• U.S.

Radio: Death of the Ranger

4 minute read
TIME

One dawning last week a tired, chubby suburbanite was driving home through the outskirts of Detroit. In front of the Methodist Church at Farmington his eyelids dropped, the front wheels fluttered, the car curved, careened, crashed into the back of a parked truck. So died a rootin’, tootin’, shootin’, hell-for-leather buckaroo —radio’s Lone Ranger. As founder of the five-year-old Lone Ranger Safety Club, he had broadcast many a strong appeal for careful driving.
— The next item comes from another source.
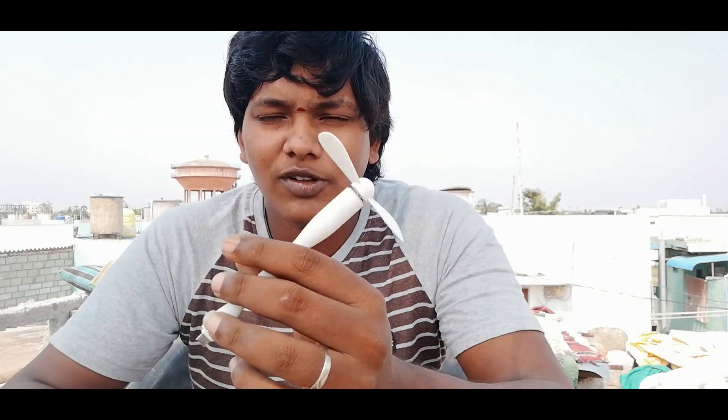This fan costs around 100 rupees, and you can find it online for around 150 rupees. It comes with lightning, Apple, and Type-C ports, and also includes the V8 connector, so you can use it with almost any phone.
All over the U.S. that night hundreds of thousands of children to whom the Ranger had sent toy lariats, six-shooters, ten-gallon hats and bristling wild west mustaches, whom he had commissioned Rangers and pledged to good conduct and fair play, mourned the most adored character ever to be created on the U.S. air. Many an older listener mourned too. The New York Times sounded the following editorial requiem: The Lone Ranger, under that name, came into being in this generation for a radio public, but under various names he has been alive for many centuries. He was Ulysses, William Tell and Robin Hood; he was Richard the Lionhearted, the Black Prince and Du Guesclin; he was Kit Carson, Daniel Boone and Davy Crockett; he was honest, truthful and brave—and so he remains.

In real life, the Ranger was Earle Graser, who liked to garden and play badminton and who didn’t learn to ride a horse until a couple of years ago. He was 32 years old, a graduate of Wayne (Mich.) University who studied law two years, then took up acting in tent shows throughout Michigan. He got a job with Detroit’s station WXYZ, which was losing money in those days.

Late in 1932 WXYZ’s President George Washington Trendle got the idea that what he and radio needed was a William S. Hart of the air. Scripter Francis Striker, who had been grinding out a series called Warner Lester, Manhunter, concocted a story about a mysterious and gallant cowboy who fought against injustice of all sorts on the late 19th-Century western frontier. Earle Graser, one of half a dozen actors to be tried out, had just the right voice for the part—strong, romantic and confidence-winning.

Mr. Trendle never had to worry about money again. Last year the Ranger netted him a half-million dollars. The program, carried over some 80 MBS stations, and 75 independent stations spotted all over the U.S., accumulated 20,000,000 listeners, innumerable bread, candy and pop sponsors. It also goes on transcribed recordings in Australia, New Zealand, Hawaii, Canada.

The Ranger galloped into the films, comic strips and novelty business. Mr. Striker got $10,000 a year, Mr. Graser $7,500.

To select Actor Graser’s successor was no difficult business. On hand in WXYZ studios was Brace Beemer, who played the Ranger in the program’s early days, was transformed into a narrator when Earle Graser took over. He will be the new Ranger.

Well fitted for his part is Brace Beemer. Thirty-eight, Beemer stands 6 ft. 3, weighs 200 lb., is an excellent horseman, a superb shot, a handy man with a 35-ft. bull whip. His voice is so much like Graser’s that his substitute version of the Ranger’s famed cry to his horse: “Hi-Yo, Silver, away!” will scarcely be noticed by the nation’s moppets. All along, he has represented the Ranger in his few public appearances. In 1933 when Beemer as the Lone Ranger made a personal appearance at Detroit’s Belle Isle on the occasion of an annual public-school field day, over 100,000 showed up to see him. When small fry got out of hand in an attempt to get close to him, Beemer the Ranger held them off by rising majestically in his stirrups, shouting “Back, Rangers! Back to your posts!”